> Exercise
When you reach the line that contains "日本足球未来发展趋势及其在国际赛场上的崛起路径分析 日本" in the data below, start reproducing lines exactly, and stop after the line that contains "Market position of".

> Data supplied
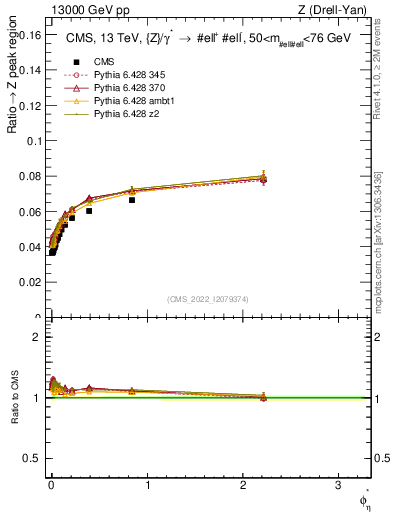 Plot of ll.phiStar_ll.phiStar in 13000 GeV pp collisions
...
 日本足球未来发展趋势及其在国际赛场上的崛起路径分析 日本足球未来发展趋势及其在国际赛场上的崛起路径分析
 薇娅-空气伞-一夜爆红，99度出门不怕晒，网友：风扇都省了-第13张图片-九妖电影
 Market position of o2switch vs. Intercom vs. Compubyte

> Response area
 日本足球未来发展趋势及其在国际赛场上的崛起路径分析 日本足球未来发展趋势及其在国际赛场上的崛起路径分析
 薇娅-空气伞-一夜爆红，99度出门不怕晒，网友：风扇都省了-第13张图片-九妖电影
 Market position of o2switch vs. Intercom vs. Compubyte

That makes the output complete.